Ri disclosed that he had been in talks with WT Technical Committee Chairman Yang Jin-bang, a renowned South Korean taekwondo master, earlier in the day. Currently, the two federations use very different rules. The ITF allows faces punches; WT does not. WT uses electronic body and head protectors; the ITF does not. However, WT has one thing that the ITF may seek: It is WT, not the ITF, which administers Olympic taekwondo.
“The next step is for us to send technical delegates to their training camps, to start sharing information on rules and regulations,” said WT Secretary General Hoss Rafaty, an American. “That can be the beginning of their integration into Olympic taekwondo.”
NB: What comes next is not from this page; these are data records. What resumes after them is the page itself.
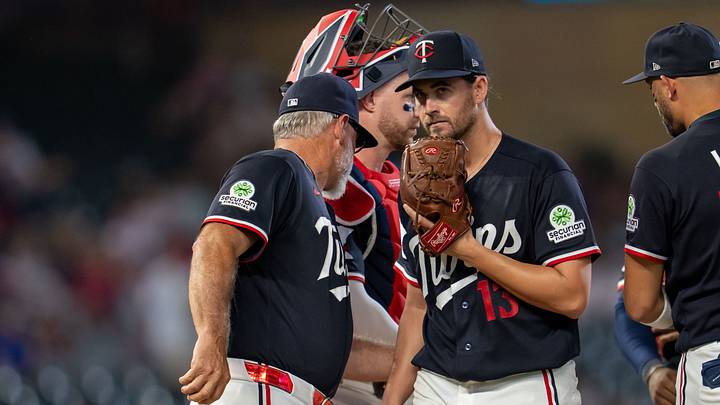 Minnesota Twins manager Derek Shelton and starting pitcher Dean Kremer. Credit: Jesse Johnson-Imagn Images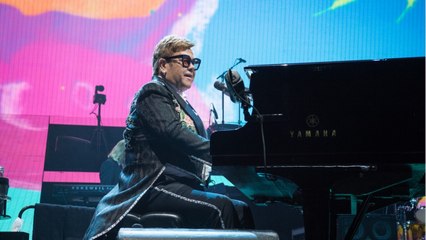 VOICI Elton John reçu par Emmanuel Macron à l'Élysée : le combat du chanteur révélé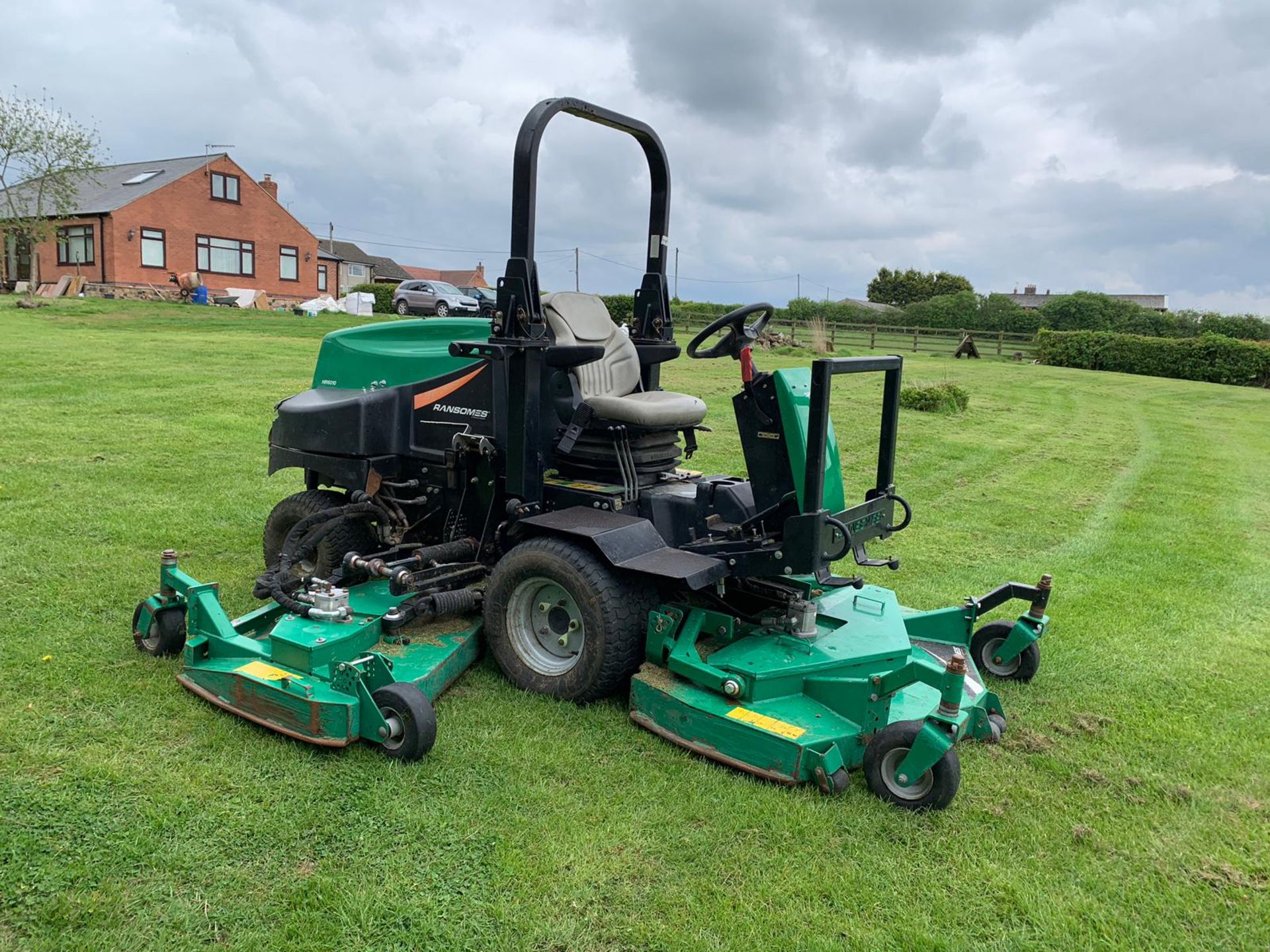 2011/11 REG RANSOMES HR-6010 BATWING WIDE AREA ROTARY RIDE ON DIESEL MOWER *PLUS VAT*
Rafaty is a close associate of George Vitale, a New York-based ITF master who has been a behind-the-scenes broker bringing the two federations closer in recent years. “The taekwondo world has been so fragmented; it is not easy to get warring factions to lay down their arms!” said Vitale. “That is why we have to proceed with caution, step by step, and build.”
Vitale credits Choue and Chang with the reconciliation process. “They have started to undo decades of rivalries,” he said. But he admits that he has been an information conduit, with phone and email access to both sides: An unusual role for an American to play between the estranged Koreas.
And Ri, the North Korean taekwondo leader, insists that sport truly breaks barriers. “According to politics, we should hate each other,” he said gesturing at the American, Vitale. “But we are best friends – because of taekwondo!”